A lot of what I discussed in this answer about alternate SSH ports is applicable to this question.
Since your goal is to be as invisible as possible*, I think your best bet is secure port knocking with a tool like fwknop (as noted in this crypto.SE question) or perhaps a custom one-time password scheme for sufficiently complicated port knocks (to help protect against replay attacks).
Another idea is to port knock through Tor; there may be latency within Tor, but port knocking doesn't consume much bandwidth and can be configured to tolerate more latency. Once you've knocked on the .onion address, the end of your knock could be an encrypted (or plaintext, depending on your sensitivity) form of your client public IP address, which would then be able to access the server's public IP address for a short time window.

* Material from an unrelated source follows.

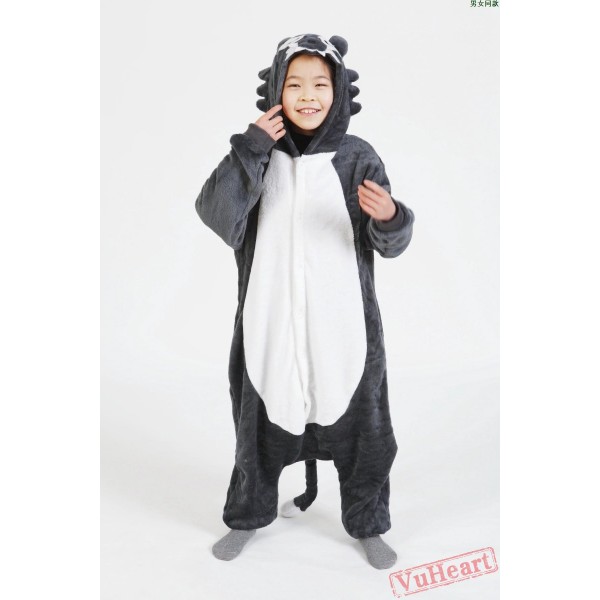 Grey Wolf Kigurumi Onesies Pajamas Costumes for Boys & Girls Winter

You'll also want a system like Fail2ban, which can recognize failed logins and ban the IP that attempted them (by default, Fail2ban blocks an IP for ten minutes after ten failed logins within ten minutes, but this is all configurable). This will help protect you against attacks coming from systems that share your public IP address (e.g. by being behind the same NAT or by claiming your IP when you disconnect).
I'd still recommend using Tor for your everyday access and only fail over to the public internet when Tor becomes too slow (which hopefully isn't that often; much of Tor's slow speed comes from being starved for exit nodes, but a hidden service doesn't need an exit node).

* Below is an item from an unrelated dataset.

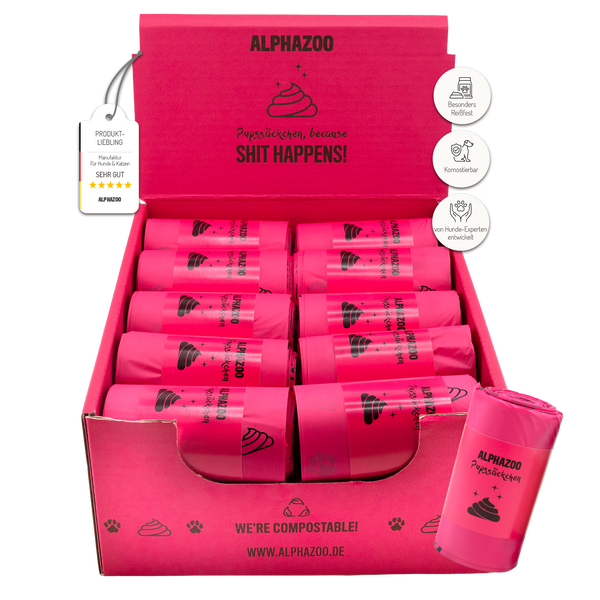 Pink fart bags and poop bags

*Since Tor runs atop the internet, it still needs some ports exposed to the public internet. You won't be completely invisible and any adversary should be able to easily determine that your server runs Tor. You might be able to do some kind of reverse port-knocking (upon detecting a port scan, drop all packets to and from that IP), but some port scans are hard to detect (and an attacker might start with the port in question).